Assignment →
After locating the line that bears "Now, representing fractions", restate word for word that line and the rest of the listing to its final line, excluding all pictures.

Task material →

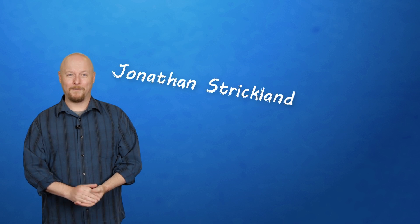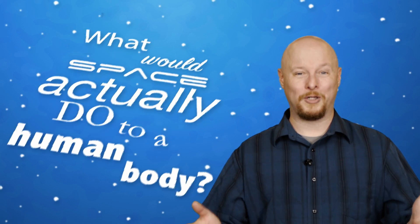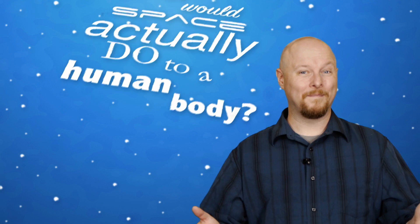Yes, we all dream about traveling in space, but if movies are any indication, we spend almost as much time thinking about flying around up there without a suit on. So let's answer this question once and for all. What would space actually do to a human body?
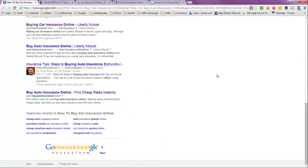And as you can see, there's related searches here at the bottom on how to buy car insurance online.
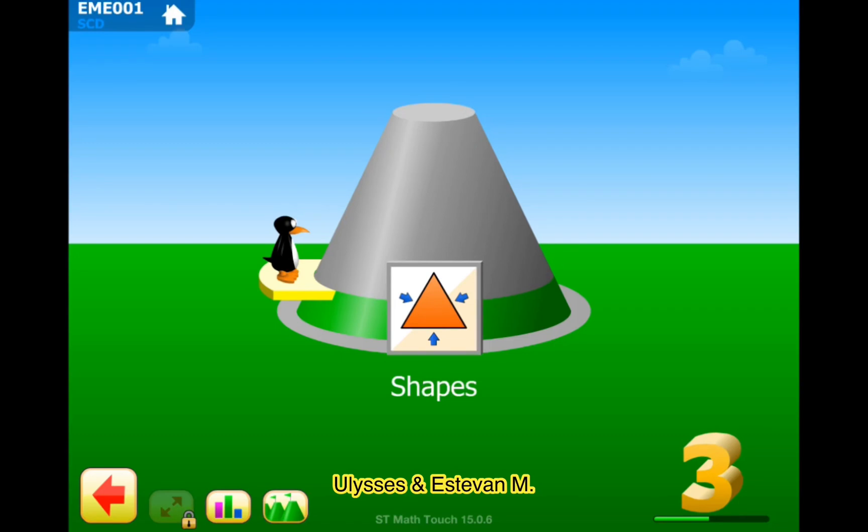Welcome to our channel. Your lesson is Stephen M. I'm Stephen, and today I'm going to be practicing third grade shapes.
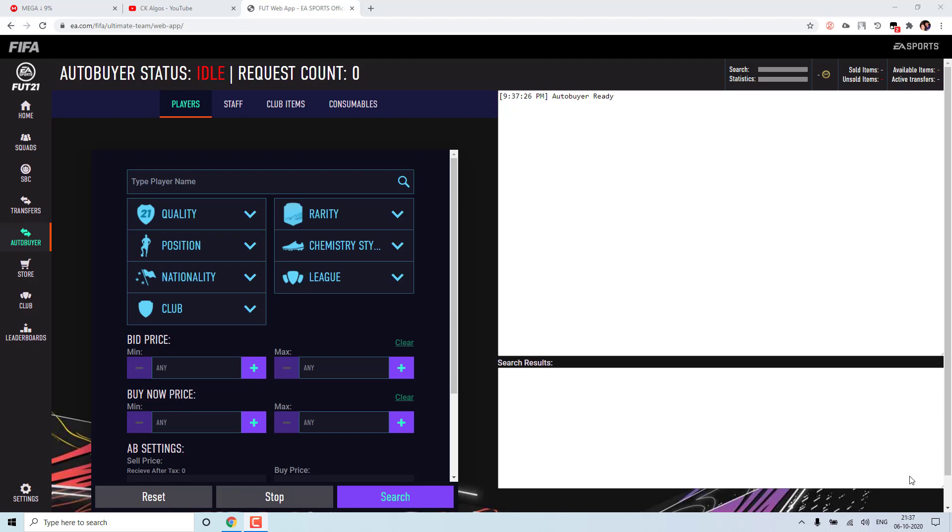Hello everyone. In today's video, I will be walking you through some of the new features which I added to the autobuyer, as well as some of the fixes for the common issues which most of you faced. So these are the two things we'll be covering today.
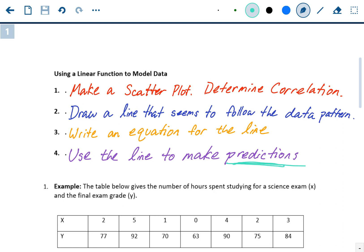Now we're going to look at an example problem of using a linear function to model data. These four steps we had already written down last time we did the scatterplot notes, but we never actually did the steps in an example problem, which we're going to do today.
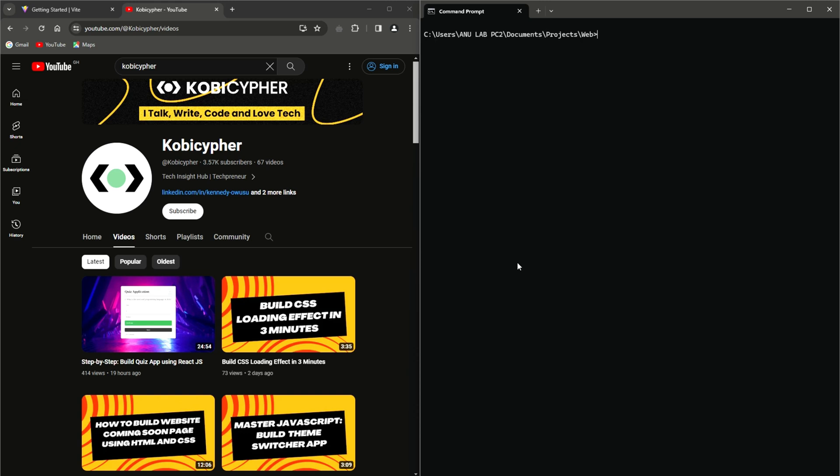Good day, my name is Kobe Seifer and welcome to my channel. In this tutorial, we will convert our fully functional quiz application built using JavaScript to TypeScript. In the end, we should have a TypeSafe app with improved code readability.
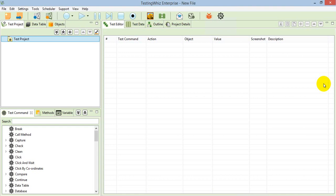Hello everyone, this is Rashi from TestingViz. Today I'm going to show you how you can create and execute desktop application test scripts with the help of TestingViz. TestingViz supports desktop application scripts and we can create the scripts with the help of VisualRecorder. It generates visual objects — objects which are seen on the screen — and whatever actions we select for that object, it will perform those operations. Later on we can add some logical commands within the script, execute those scripts, and get the reports of the execution.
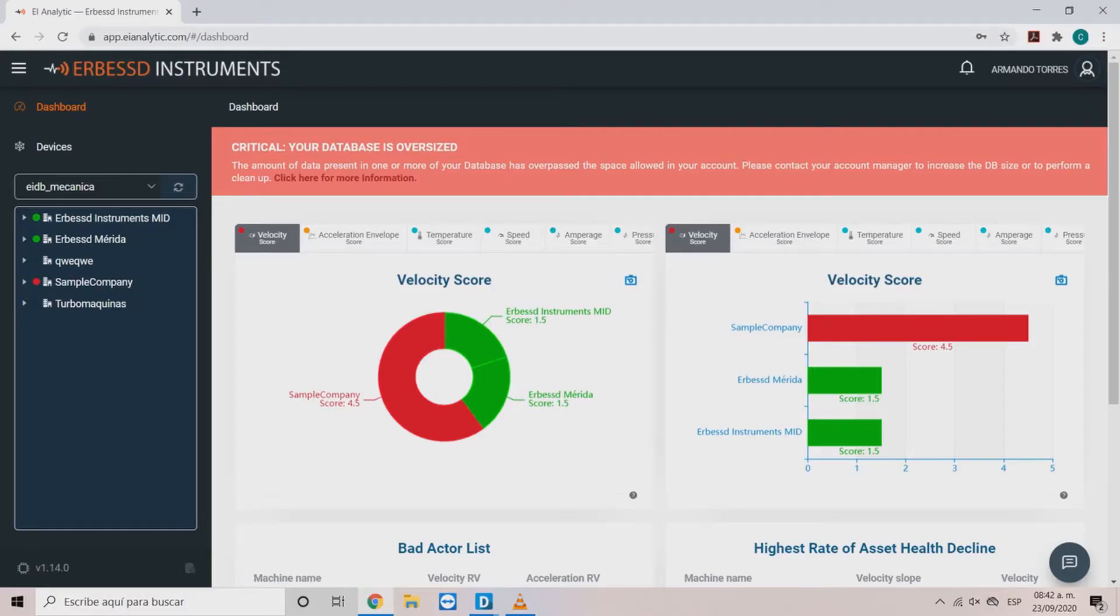Welcome to a new Airbus Instruments tutorial. In this video we will explain the basic characteristics and configurations of the AE Analytic Cloud service.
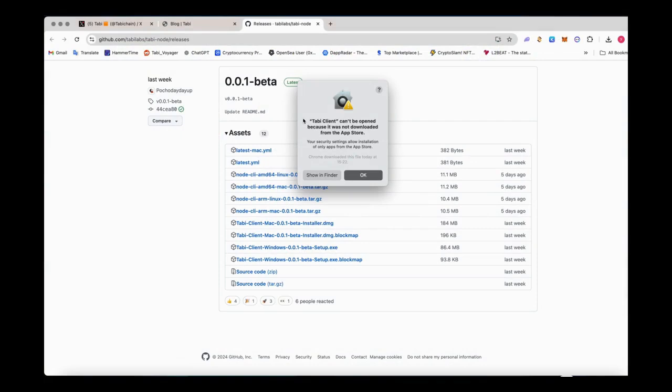If your security system blocks the installation, go to your Mac settings and install Tobi Client manually.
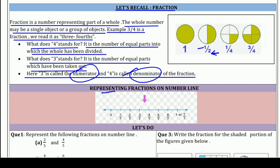Now, representing fractions on a number line — fractions को number line पर कैसे दिखाते हैं? पहले हमने एक line बनाई with the help of a scale and ruler. 0 से 1 तक के बीच में, यानी पूरी एक चीज — whole — हमने उसके, for example, 7 equal parts कर लिए।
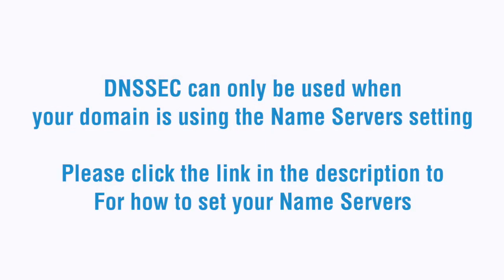After you've signed in, you first want to set your name servers. If you need assistance with this, we have a tutorial video you can follow in the description.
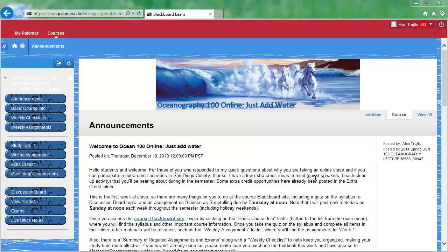Hello students, it's me, your instructor, Al Trujillo, and I wanted to show you about a feature within Blackboard that I'm using throughout the course, and it's called Mark Reviewed or Adaptive Release.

Task result →
Now, representing fractions on a number line — fractions को number line पर कैसे दिखाते हैं? पहले हमने एक line बनाई with the help of a scale and ruler. 0 से 1 तक के बीच में, यानी पूरी एक चीज — whole — हमने उसके, for example, 7 equal parts कर लिए।
After you've signed in, you first want to set your name servers. If you need assistance with this, we have a tutorial video you can follow in the description.
Hello students, it's me, your instructor, Al Trujillo, and I wanted to show you about a feature within Blackboard that I'm using throughout the course, and it's called Mark Reviewed or Adaptive Release.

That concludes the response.